What will your new album sound like?
It’s a Pop/R&B album, and there will be extremes of the genres on there as well. You have 2012, which is perhaps the poppiest song I’ve ever done, but then the song I recorded a video to yesterday is very urban; it’s a real R&B club record with Birdman on it. The album highlights the two musical genres that I do best and somewhere in the middle you’ll get a nice blend of the two.
Is America ready for Grime?
I think certain parts of America might be ready for it. I’ve already heard some Grime playing in various boutique shops in New York. In order for it to really break, it has to become a popular genre of music on a mass level. Coming to America has shown me that they need to be able to relate to your music. Not only the cool people in New York or the trendies in LA, it needs to go across the whole of America, you need to pick a random household in Wisconsin and see if they play Grime music on the radio, and that takes a while I think.
Why do you think you’ve connected so well in America?
You really need to think about the music you’re putting out there, to pull people in, to introduce them to you. And I consciously put out music that would be a good introduction to a new artist. When people hear a song on the radio in America, it’s very different to the UK; they play it for months. Down is still playing a year and a half later on radio. I’m hearing the same songs play every hour in every State in America. They’re songs that people just enjoy singing along to, and that’s how I managed to do what I did over here.

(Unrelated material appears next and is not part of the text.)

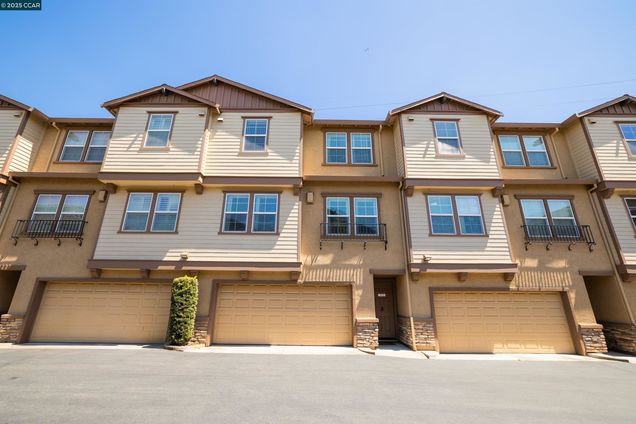 6570 Hearthstone Cir Unit 1413 Rocklin, CA Condo Active - Photo 1 of 39. Opens carousel modal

Who’s next up in terms of UK talent crossing over to America?
I’ve heard that N-Dubz are being signed here to L.A Reid, which I’m very happy about because I love those guys. I did a song called I Still Love You with Tinie way before we both blew up, and I’m so happy that we’re both doing well now because we all supported each other from way back. Hard work and self-belief pays off. I think he’s got some skills that could work in America, as his tone and his style are very universal. When I get back to the UK I’m going to hit up Giggs and Example to see if I can do anything with them.
You’re part of Cash Money, is it like being in a close-knit family?
It would be if we had the time. If you’re as big as Drake or Nicki Minaj, you don’t stay in the same place for longer than a day. Our diaries are just so busy, I saw Nicki just once since doing the video for 2012. We all talk on the phone, but it’s just so difficult to see each other.
Have you visited Lil Wayne in prison?
No, I haven’t you know. I really want to figure out a way to go and see him. Cash Money have a crazy entourage, they have about 100 guys rolling with them. And obviously a lot of people want to go and see Wayne and they’re all family and his best friends. So I haven’t really had a chance to go but I’d really like to.
What’s been your maddest encounter with a celeb?
Beyonce told me that she really enjoys my music and said that she has the CD at home!
You were privately educated and got straight As. How important is it to have a back up plan and what was yours?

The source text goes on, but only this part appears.